Yeni açılan okullar hesap hatası yapıyor

0
1346
Florya Koleji Kurucu Temsilcisi: Zafer Öztürk öğrencilerle

Röportaj: Florya Koleji Kurucu Temsilcisi: Zafer Öztürk

Yeni açılan okullar hesap hatası yapıyor

Sayın Öztürk, öncelikle sizi tanıyabilir miyiz, bize kendinizden bahseder misiniz? 

 

18 Ekim 1972 İstanbul doğumluyum. İlkokul, ortaokul ve liseyi doğup büyüdüğüm İstanbul Florya’da tamamladıktan sonra Ankara Bilkent Üniversitesi’nde Siyasal Bilimler bölümünde okudum. Mezuniyetten sonra ticaret ile uğraşan ailemin turizm, inşaat ve tekstil alanında yer alan iştiraklerinde görev almaya başladım. Polonya’da aile şirketine ait firmalarda özellikle tekstil alanında 1998 yılına kadar aktif olarak çalıştım.

Ben Balkan göçmeni bir ailenin çocuğum. Babamın ve amcamın geride bıraktıkları yurtlarında insanlar ya kahramanlıkları ya da eserleri ile anılırlarmış. Bu bilinçle arkalarında kalıcı bir iz bırakmak istediler. Kendilerine ait olan arsa üzerinde inşa etmeye başladıkları bina yükselirken en doğru ve ülkeye en faydalı yatırımın eğitime yapılacak yatırım olacağına kara verdiler. 1998 yılında Florya Koleji bu şekilde doğmuş oldu.  Ben de genç yaşta olmama rağmen ailemizin ortak kararı ile Florya Koleji’nin kurucu temsilcisi olarak eğitimcilik hayatıma başladım. Eğitim ve öğretimin sadece bir iş olmadığı,  bunun bir yaşam biçimi ve büyük bir sorumluluk olduğu düşüncesi ile İstanbul Kültür Üniversitesi Türk Dili ve Edebiyatı bölümünü bitirerek Türkolog,  daha sonra Yeditepe Üniversitesi’nde formasyon eğitimi alarak öğretmen oldum. Bununla da yetinmeyip  ‘’Eğitim Yönetimi ve Denetimi’’ alanında yüksek lisans eğitimimi tamamladım. Bugün 22. yaşında olan okulumuzda kuzenlerimle birlikte aktif olarak Türk Eğitimine hizmet etmeye devam ediyoruz.

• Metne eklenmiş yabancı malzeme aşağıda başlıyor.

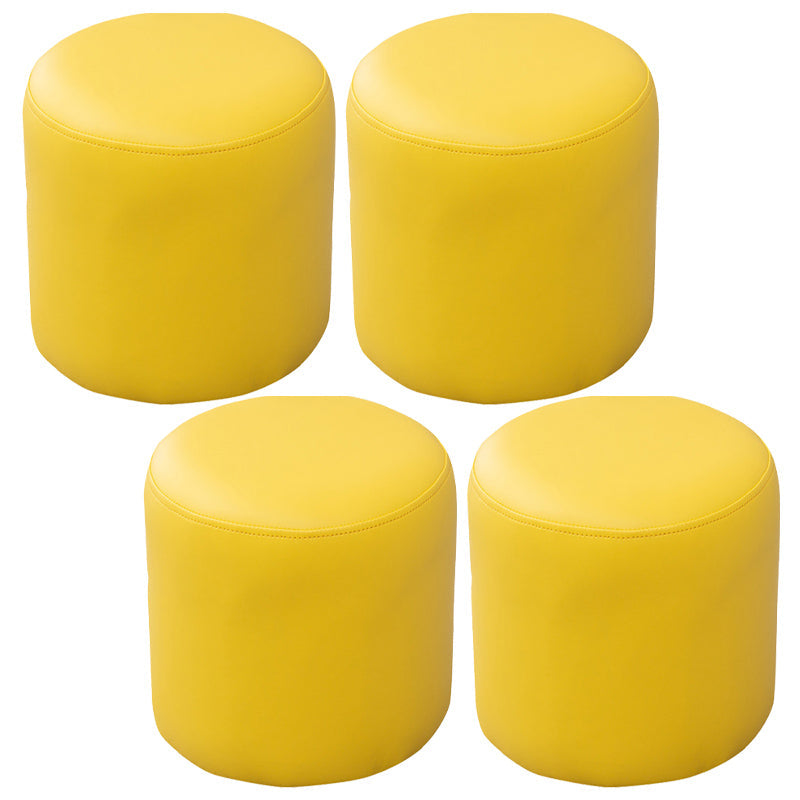 Contemporary Pouf Ottoman Faux Leather Upholstered Solid Color Ottoman Yellow Round 4 Piece Set Clearhalo 'furn' 'furn_ottomans_poufs' 'Furniture' 'Living Room Furniture' 'Ottomans & Poufs' 'ottomans_poufs' 6007026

Eğitim öğretime gönül vermenin yanı sıra toplumsal fayda ve farkındalık yaratmak amacı ile  REV (Rumeli Eğitim Vakfı) ve  RUYİAD (Rumeli Yönetici İş Adamları Derneği)  STK’larının yönetim kurullarında ayrıca TOBB Eğitim Meclisi’nde de üye olarak görev almaktayım.

2015 yılından beri de TÖZOK yönetiminde aktif olarak görev almaya başladım. Şu an başkan yardımcısı olarak görevimi sürdürmekteyim.

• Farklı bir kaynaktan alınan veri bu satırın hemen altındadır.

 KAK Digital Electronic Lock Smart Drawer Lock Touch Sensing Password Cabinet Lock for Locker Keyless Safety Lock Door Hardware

Kişilik olarak pozitif ve enerjisi yüksek bir insanım. Okulda çocuklarla ve gençlerle birlikte olmanın bunda çok büyük etkisi olduğunu düşünüyorum. Spor, sanat ve seyahat hayatımın vazgeçilmezlerindendir.  Amatör olarak futbol ve su topu oynadım. Sporun insan hayatında mutlaka yeri olmalı diye düşünüyorum. Aile olarak kuzenlerimizle çocukluğumuzda bir araya geldiğimizde satranç oynar, çeşitli sportif müsabakalar düzenleyerek eğlenirdik. Bu alt yapı ile yetişmenin hayatıma başarı, disiplin ve düzen kattığına inanıyorum.

İyi derecede  İngilizce, Boşnakça ve Lehçe biliyorum. Türkçe öğretmeni Elida Öztürk ile evli olup, dört çocuk babasıyım.

Florya Koleji’nin kuruluş tarihçesini sizden dinleyebilir miyiz?

Daha evvel de belirttiğim gibi Balkanlardan göç yoluyla gelen ve ticaret işiyle uğraşan bir aileydik. Ailemin Türkiye’ye geldikten sonra en büyük ideali çocuklarını yetiştirmek ve okutmaktı. Yurtdışında da yatırımlarımız vardı o dönem. Ama ismimizin ülkemizde  kalıcı olmasını istiyoruz. Göçmenler gelecek nesillere anılarını bırakmak ister. Bu bizim o tarafların yerleşik bir kültürüdür. Bunun da farklı kanalları var. Eskiden bu daha çok kahramanlıklarla olurmuş, şimdi de yaptığınız işlerle oluyor. Beni mezun eden ilkokul müdürüm ve bazı dostlarımızın telkinleriyle eğitime alanına girmeye karar verdik.  Biz eski Floryalıyız.  Şenlikköy’de kendi arsalarımız vardı. Evimiz şu an okulun bulunduğu yerdeydi.  Okullar bittikten ve yurda döndükten bir süre sonra babam,amcam ve kuzenlerimle okulu kurduk. 23 öğretmenimiz ve 140 öğrencimizle eğitime başladık.

Koleji kuran ve büyüten babanız ve amcanız olduğunu biliyoruz. Okulunuza sizin katkılarınız nelerdir?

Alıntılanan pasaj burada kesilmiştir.